This brings us to our final section, which is about sexual immorality, and especially the gay Christian's response to their situation. Beyond that however, anyone involved in any sort of sexual immorality, including pornography, any sort of sex outside of marriage, etc, would do well to note this. These verses are for everyone.

Sexual sin is not a small thing. Outside of Christ all sin condemns, but not all sin has the same consequences for us here. In I Corinthians 6:18-20 Paul writes,
"Flee sexual immorality. Every sin that a man does is outside the body, but he who commits sexual immorality sins against his own body. Or do you not know that your body is the temple of the Holy Spirit who is in you, whom you have from God, and you are not your own? For you were bought at a price; therefore glorify God in your body and in your spirit, which are God's."
For the Christian struggling with sexuality and sexual immorality of any kind, these verses are especially important. God states that sexual immorality is not like other sins. It is something that goes against the very self. Remember, this includes all sexual sin, gay or straight. The reason given is enormous; that we are the temple of the Holy Spirit, that we are not our own, that we were bought with a price.

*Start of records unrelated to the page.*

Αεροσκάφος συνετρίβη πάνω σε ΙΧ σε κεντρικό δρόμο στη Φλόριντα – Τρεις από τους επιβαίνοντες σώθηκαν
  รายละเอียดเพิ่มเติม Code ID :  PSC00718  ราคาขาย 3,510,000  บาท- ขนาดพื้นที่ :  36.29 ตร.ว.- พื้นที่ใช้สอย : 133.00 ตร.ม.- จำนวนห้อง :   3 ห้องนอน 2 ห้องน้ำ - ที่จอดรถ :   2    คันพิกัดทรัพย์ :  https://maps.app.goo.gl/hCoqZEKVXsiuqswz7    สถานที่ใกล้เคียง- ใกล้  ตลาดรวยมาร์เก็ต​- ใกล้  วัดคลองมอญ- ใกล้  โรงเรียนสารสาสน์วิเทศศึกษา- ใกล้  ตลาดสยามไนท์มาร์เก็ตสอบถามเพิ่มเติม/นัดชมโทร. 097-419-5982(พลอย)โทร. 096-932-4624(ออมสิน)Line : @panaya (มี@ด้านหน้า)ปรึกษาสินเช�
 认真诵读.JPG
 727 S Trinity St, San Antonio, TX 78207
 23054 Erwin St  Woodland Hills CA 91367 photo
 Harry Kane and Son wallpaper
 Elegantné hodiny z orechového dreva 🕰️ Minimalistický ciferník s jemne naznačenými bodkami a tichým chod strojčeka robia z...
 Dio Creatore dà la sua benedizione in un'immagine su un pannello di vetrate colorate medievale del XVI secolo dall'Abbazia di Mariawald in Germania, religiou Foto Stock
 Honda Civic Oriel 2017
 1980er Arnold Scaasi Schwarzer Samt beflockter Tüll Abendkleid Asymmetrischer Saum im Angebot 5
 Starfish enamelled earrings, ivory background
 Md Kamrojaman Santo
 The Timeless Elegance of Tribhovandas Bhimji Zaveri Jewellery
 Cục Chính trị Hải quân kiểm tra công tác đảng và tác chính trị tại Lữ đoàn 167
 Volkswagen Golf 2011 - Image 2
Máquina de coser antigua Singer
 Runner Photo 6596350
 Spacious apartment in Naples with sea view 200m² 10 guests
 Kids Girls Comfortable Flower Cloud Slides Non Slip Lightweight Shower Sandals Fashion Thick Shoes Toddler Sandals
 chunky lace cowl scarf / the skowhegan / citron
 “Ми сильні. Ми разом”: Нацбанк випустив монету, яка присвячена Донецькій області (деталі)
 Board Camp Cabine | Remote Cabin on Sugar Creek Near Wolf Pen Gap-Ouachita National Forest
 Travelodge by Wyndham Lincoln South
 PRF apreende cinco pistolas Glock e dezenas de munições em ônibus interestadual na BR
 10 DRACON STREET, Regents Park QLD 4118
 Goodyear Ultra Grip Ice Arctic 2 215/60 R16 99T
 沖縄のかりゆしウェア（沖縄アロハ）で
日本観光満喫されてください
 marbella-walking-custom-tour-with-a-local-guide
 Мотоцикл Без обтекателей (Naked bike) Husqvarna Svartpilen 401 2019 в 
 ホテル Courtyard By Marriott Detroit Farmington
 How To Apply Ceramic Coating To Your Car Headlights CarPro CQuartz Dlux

It does not matter what type of sexual sin it is. We are, as Christians, as Christ-followers, to glorify God in our body and our spirit, because they are both God's, having been bought at the greatest price in all the universe and beyond; that of Christ's blood on the cross. This is why, no matter the price, we must choose to follow God's will.

For some that will mean overcoming their sexual sin. For others that will mean choosing to follow Paul's example of celibacy. For most it will mean getting back up and moving forward, not matter how many times they fall. For all it will mean giving up something in this temporary realm of existence in order to gain something much greater and much higher than anything they could dream or imagine.

We were bought with a price.

We are loved beyond this existence.

And we have but one standard, Christ and His Word, by which we as those who choose to follow Him can live by.

It may be a struggle. It may be hard. And there will be times where you wonder and fear if it the weight you are called to bear is worth it.

But remember that Christ has already won the victory. And when you see Him on That Day, and come to His side, you will know that it was. You will know the reason for it all, and you will know that the price that had to be paid was not only worth it, but that it was much smaller than any person should ever have had to pay.

So fight the good fight. You are loved, you are strong, you are able. Because He has already won the ultimate victory for you.